2020年、オリンピック競技も行われるということもあり、また、生物の住処環境をよくするために、お台場中心のヘドロ部分を、伊豆の神津島から持ってきた砂で、覆砂する工事がおこなわれた。この覆砂も意見続出で、砂は沈んで、すぐにヘドロが表面に出てくるから、無効だという説、いやいや、砂は持ちこたえるという説もある。
なお、この覆砂が、磯場や、カキ場を被ってしまわないように、岸から、10-20m離したところまで、覆砂された。すなわち、ヘドロの帯が岸から15-25mあたりに残されている。
Cラインは、この覆砂とヘドロの状況を調査するべく、エントリーの砂浜コーナーから、およそ、80mあたりから、中心に向けて、伸ばした巻き尺ラインである。
またエントリーラインから、西側のお台場公園石垣に向かって、カキ礁のうえを通過するように、これも巻き尺ラインど岸と併行に引いたラインがDラインである。
そのDラインの100mではとどかない、あたりに、石垣に沿うように、多分、昔、木製の桟橋があったと思われ、その桟橋の杭の跡が残っていて、これを杭の列とよんでいて、魚を集める人工魚礁のような効果をもたらしている。
ライン調査
★ ラインC 撮影 山本徹
今回も、100mまで、巻き尺のスケールが読み取れる撮影距離で、ゆっくりと、安定して移動撮影を行っている。
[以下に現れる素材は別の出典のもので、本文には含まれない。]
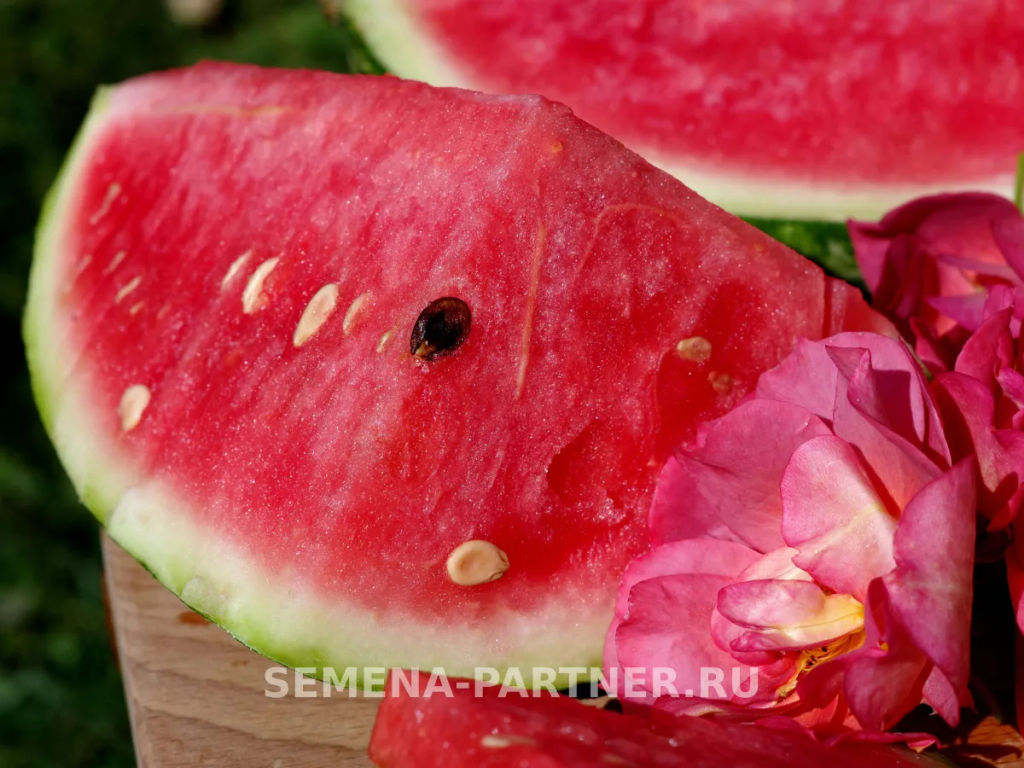 Арбуз Байсан - Партнер фото 4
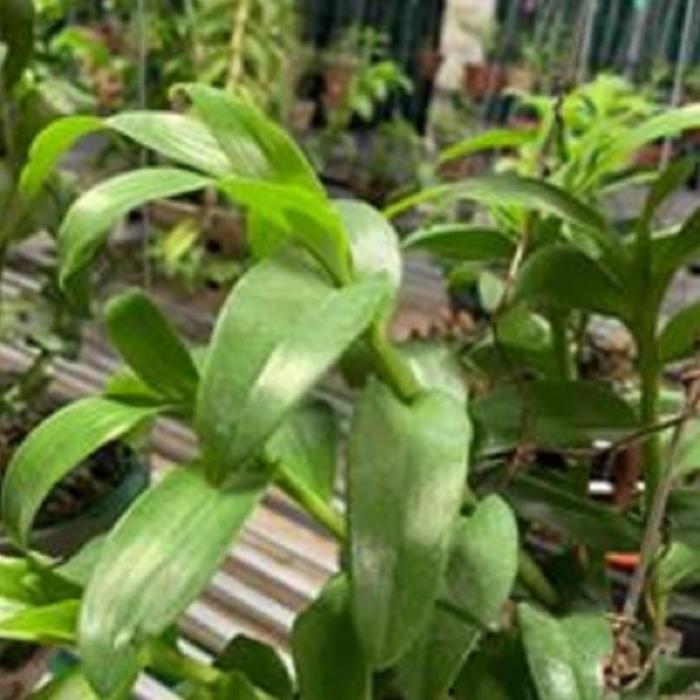 Hoa lan 5ct phủ trì
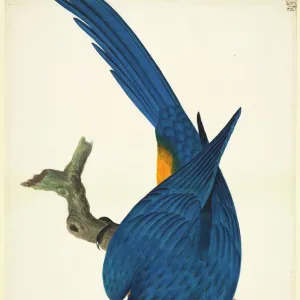 Ara ararauna, blue-and-yellow macaw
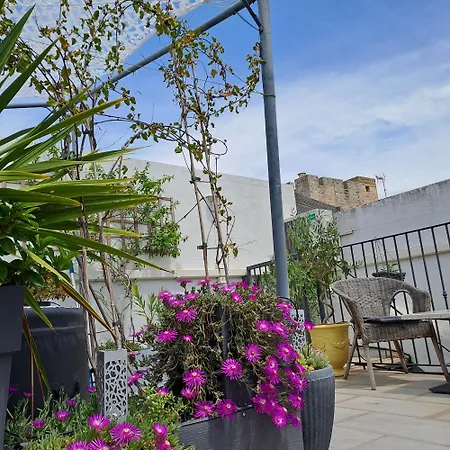Le Petit Patio-3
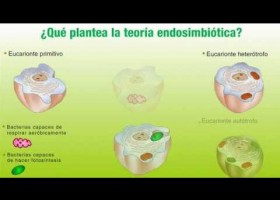 Teoría endosimbiótica | Recurso educativo 743902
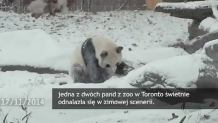 Radość w czystej postaci, czyli panda na (pierwszym) śniegu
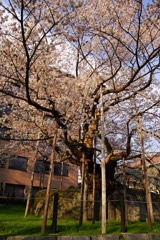 盛岡の石割桜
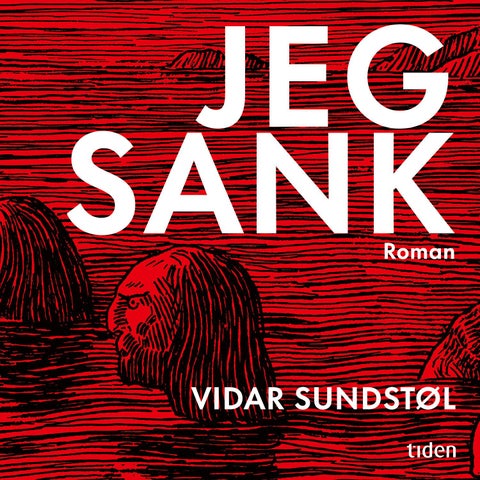 Jeg sank - roman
例年、5月になると硫化水素を同化している硫黄バクテリアのマットが散見されるようになるのだが、今年は皆無に近い状態だった。カキ礁から、覆砂の間のヘドロ域が、バクテリアマットが多く見られるのだが、このゾーンでもバクテリアマットは見られなかった、
6月、7月には出てくると思うが、覆砂がされてから、バクテリアマットはすくなくなっているので。効果があったと言うことができる
★ ラインD (ゴミライン) 撮影小林正昭
ラインDは、今回も、6月10日のクリーンアップに備えて、ゴミのたまるくいきにラインをひいた。海が荒れて、ゴミが寄せられたのか、かなりゴミが多く、クリーンアップの効果が期待?さじょうたいだった。
★ 長時間設置カメラ
① 設置担当 三ツ橋知沙
エントリーポイントから、およそ10mの範囲で、マハゼが現れるあたりをねらってもらった。
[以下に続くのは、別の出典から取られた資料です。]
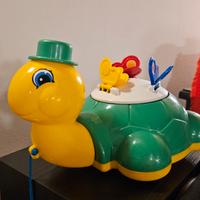 Tartaruga bambino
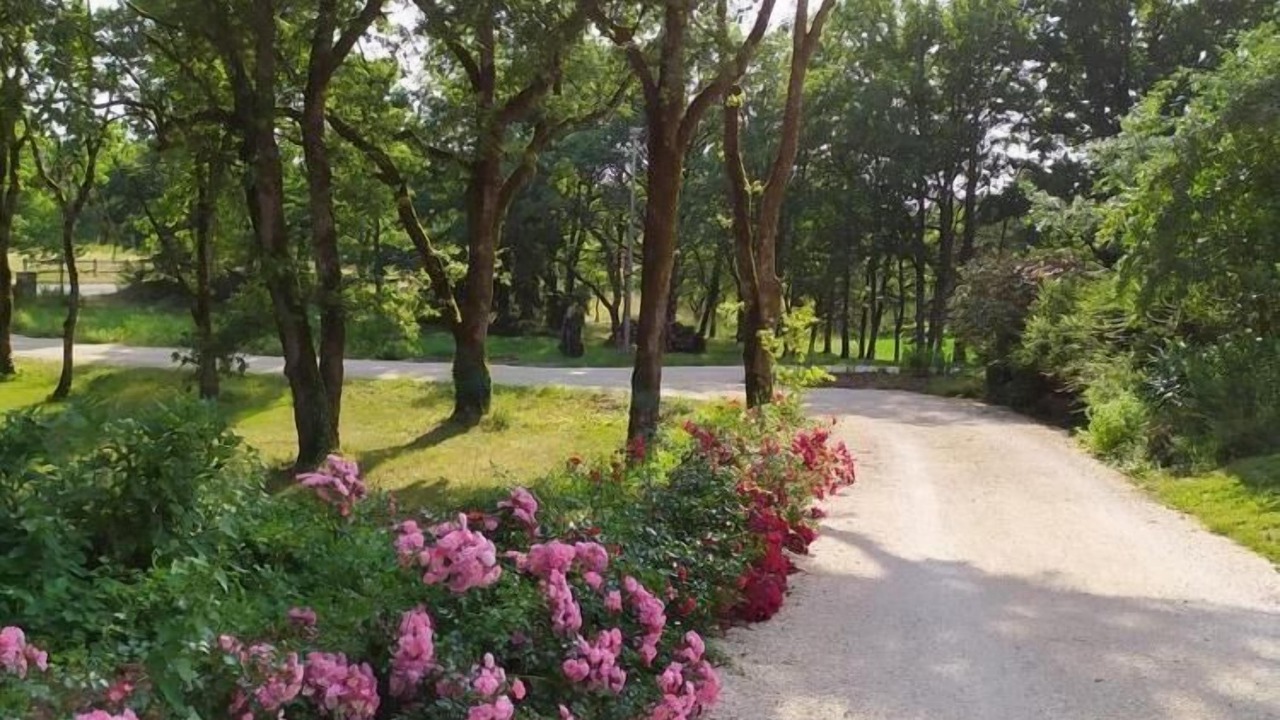 Photo of Outdoor in Gignac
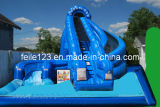 Inflatable Water Slide with Pool, Inflatable Water Slide (FL-S225)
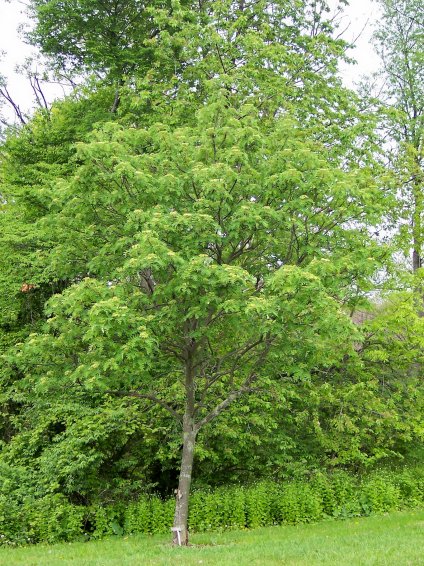 American Mountain-Ash
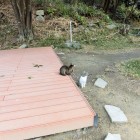 西の丸の猫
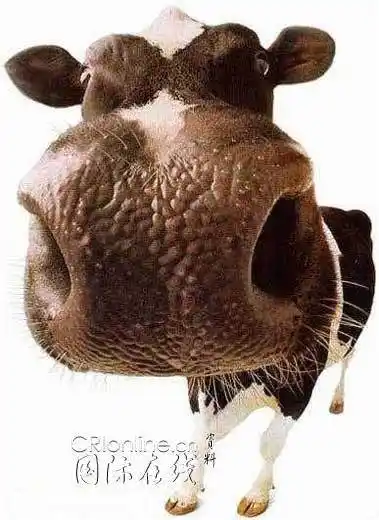 经典搞笑的奇趣动物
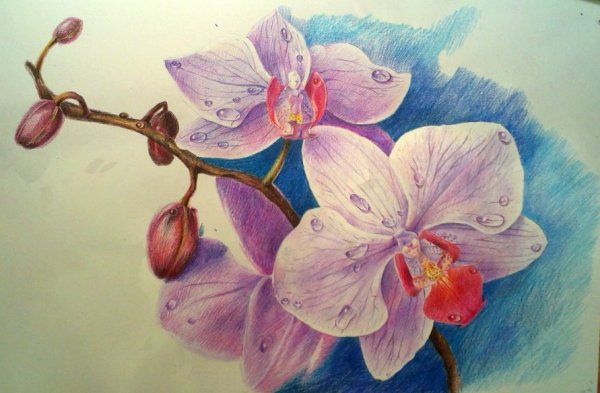 Зарисовки цветов цветными карандашами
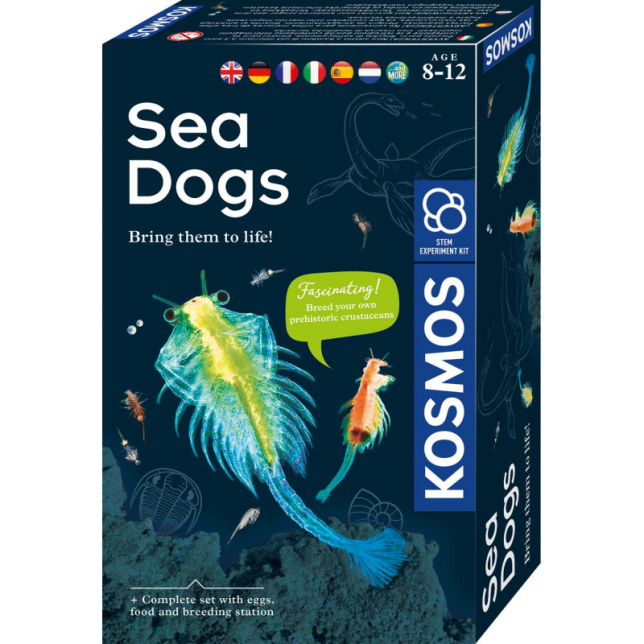 Eksperimentų rinkinys ''Sea Dogs''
このあたりは、ボラが餌をとりに来る場所なのか、大きな個体が、岩の表面をさかんに突いていた。そして、期待していた通りに、マハゼが現れ、かなりの数がみられた。まだ、大きくない稚魚と成魚の中間の個体と、稚魚も一緒だった。なお、Cラインの上でも、稚魚はみられた。
そして、マハゼが退場し、少なくなると、ドロメの小さな個体が群れて来た。
興味深いのは、これらが交代で出現することであった。これはヒラタエビの群れが現れた時もそのようだったのだが、ボラが出ているときにはマハゼはでていない。マハゼが居なくなると、交代するようにドロメが出て来た。
② 設置担当、海洋大学 西沢、田中
岩の下をねらってくれるようリクエストしたので、そのように、良い構図でおいてくれたが、このゾーンは、カニの類が潜んでいない限り、岩の下は、チチブ、アゴハゼ、アカオビシマハゼの住処になっている。
★尾島雅子 遊軍的に、全域での魚類ねらい。
今回は北岸、であったが、マハゼの状況を期待したのだが、今回も撮れていなかった。
カットとしては、チチブが2尾絡み合って格闘しているシーン、丸太の端の隙間に、イシガニがうずくまっているシーンが良かった。
牡蠣のほとんどの個体が生きている場所も撮影している。2021年、生きている牡蠣を見つけることがむずかしいような状況から、完全に復活した。